Your goal
Give the entries again exactly, every one of them.

——————

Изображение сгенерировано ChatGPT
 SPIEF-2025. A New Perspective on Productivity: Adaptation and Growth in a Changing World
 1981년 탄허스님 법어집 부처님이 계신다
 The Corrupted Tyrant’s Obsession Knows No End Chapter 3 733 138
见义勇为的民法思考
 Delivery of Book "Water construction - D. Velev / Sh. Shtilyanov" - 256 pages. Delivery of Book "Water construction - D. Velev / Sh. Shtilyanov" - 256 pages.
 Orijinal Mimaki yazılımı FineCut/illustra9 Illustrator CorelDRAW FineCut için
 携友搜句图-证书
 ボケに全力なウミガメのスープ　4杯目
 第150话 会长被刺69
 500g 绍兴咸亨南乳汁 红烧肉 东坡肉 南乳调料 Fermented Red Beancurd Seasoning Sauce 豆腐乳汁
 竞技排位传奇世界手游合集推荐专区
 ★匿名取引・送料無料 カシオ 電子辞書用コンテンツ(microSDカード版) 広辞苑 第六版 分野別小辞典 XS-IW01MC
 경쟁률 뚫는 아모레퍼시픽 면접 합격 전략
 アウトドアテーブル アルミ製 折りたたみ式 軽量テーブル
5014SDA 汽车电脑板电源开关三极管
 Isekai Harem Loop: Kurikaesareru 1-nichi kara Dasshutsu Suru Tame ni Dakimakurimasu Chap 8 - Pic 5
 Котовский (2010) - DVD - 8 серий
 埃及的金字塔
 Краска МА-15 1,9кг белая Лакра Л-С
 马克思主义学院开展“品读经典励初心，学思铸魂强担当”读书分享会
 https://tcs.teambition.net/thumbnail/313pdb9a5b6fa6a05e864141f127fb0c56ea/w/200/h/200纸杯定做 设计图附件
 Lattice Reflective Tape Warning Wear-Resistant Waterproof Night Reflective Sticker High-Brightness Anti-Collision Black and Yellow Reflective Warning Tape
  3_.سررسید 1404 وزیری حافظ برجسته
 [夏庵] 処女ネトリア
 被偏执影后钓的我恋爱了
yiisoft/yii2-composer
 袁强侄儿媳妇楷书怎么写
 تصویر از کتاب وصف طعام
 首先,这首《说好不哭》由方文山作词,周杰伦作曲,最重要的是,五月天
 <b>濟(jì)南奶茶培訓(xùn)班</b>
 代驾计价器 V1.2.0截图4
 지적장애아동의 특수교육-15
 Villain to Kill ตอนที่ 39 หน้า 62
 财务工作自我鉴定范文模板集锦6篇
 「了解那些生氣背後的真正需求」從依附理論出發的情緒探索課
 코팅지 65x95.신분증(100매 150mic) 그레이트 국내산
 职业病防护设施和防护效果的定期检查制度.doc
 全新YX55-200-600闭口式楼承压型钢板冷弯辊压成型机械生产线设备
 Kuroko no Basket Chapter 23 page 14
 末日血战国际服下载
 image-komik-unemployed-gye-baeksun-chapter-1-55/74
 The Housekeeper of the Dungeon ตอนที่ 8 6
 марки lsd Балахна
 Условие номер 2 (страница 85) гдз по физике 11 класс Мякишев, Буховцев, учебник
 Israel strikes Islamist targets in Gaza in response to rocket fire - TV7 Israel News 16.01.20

——————

Reply
Изображение сгенерировано ChatGPT
 SPIEF-2025. A New Perspective on Productivity: Adaptation and Growth in a Changing World
 1981년 탄허스님 법어집 부처님이 계신다
 The Corrupted Tyrant’s Obsession Knows No End Chapter 3 733 138
见义勇为的民法思考
 Delivery of Book "Water construction - D. Velev / Sh. Shtilyanov" - 256 pages. Delivery of Book "Water construction - D. Velev / Sh. Shtilyanov" - 256 pages.
 Orijinal Mimaki yazılımı FineCut/illustra9 Illustrator CorelDRAW FineCut için
 携友搜句图-证书
 ボケに全力なウミガメのスープ　4杯目
 第150话 会长被刺69
 500g 绍兴咸亨南乳汁 红烧肉 东坡肉 南乳调料 Fermented Red Beancurd Seasoning Sauce 豆腐乳汁
 竞技排位传奇世界手游合集推荐专区
 ★匿名取引・送料無料 カシオ 電子辞書用コンテンツ(microSDカード版) 広辞苑 第六版 分野別小辞典 XS-IW01MC
 경쟁률 뚫는 아모레퍼시픽 면접 합격 전략
 アウトドアテーブル アルミ製 折りたたみ式 軽量テーブル
5014SDA 汽车电脑板电源开关三极管
 Isekai Harem Loop: Kurikaesareru 1-nichi kara Dasshutsu Suru Tame ni Dakimakurimasu Chap 8 - Pic 5
 Котовский (2010) - DVD - 8 серий
 埃及的金字塔
 Краска МА-15 1,9кг белая Лакра Л-С
 马克思主义学院开展“品读经典励初心，学思铸魂强担当”读书分享会
 https://tcs.teambition.net/thumbnail/313pdb9a5b6fa6a05e864141f127fb0c56ea/w/200/h/200纸杯定做 设计图附件
 Lattice Reflective Tape Warning Wear-Resistant Waterproof Night Reflective Sticker High-Brightness Anti-Collision Black and Yellow Reflective Warning Tape
  3_.سررسید 1404 وزیری حافظ برجسته
 [夏庵] 処女ネトリア
 被偏执影后钓的我恋爱了
yiisoft/yii2-composer
 袁强侄儿媳妇楷书怎么写
 تصویر از کتاب وصف طعام
 首先,这首《说好不哭》由方文山作词,周杰伦作曲,最重要的是,五月天
 <b>濟(jì)南奶茶培訓(xùn)班</b>
 代驾计价器 V1.2.0截图4
 지적장애아동의 특수교육-15
 Villain to Kill ตอนที่ 39 หน้า 62
 财务工作自我鉴定范文模板集锦6篇
 「了解那些生氣背後的真正需求」從依附理論出發的情緒探索課
 코팅지 65x95.신분증(100매 150mic) 그레이트 국내산
 职业病防护设施和防护效果的定期检查制度.doc
 全新YX55-200-600闭口式楼承压型钢板冷弯辊压成型机械生产线设备
 Kuroko no Basket Chapter 23 page 14
 末日血战国际服下载
 image-komik-unemployed-gye-baeksun-chapter-1-55/74
 The Housekeeper of the Dungeon ตอนที่ 8 6
 марки lsd Балахна
 Условие номер 2 (страница 85) гдз по физике 11 класс Мякишев, Буховцев, учебник
 Israel strikes Islamist targets in Gaza in response to rocket fire - TV7 Israel News 16.01.20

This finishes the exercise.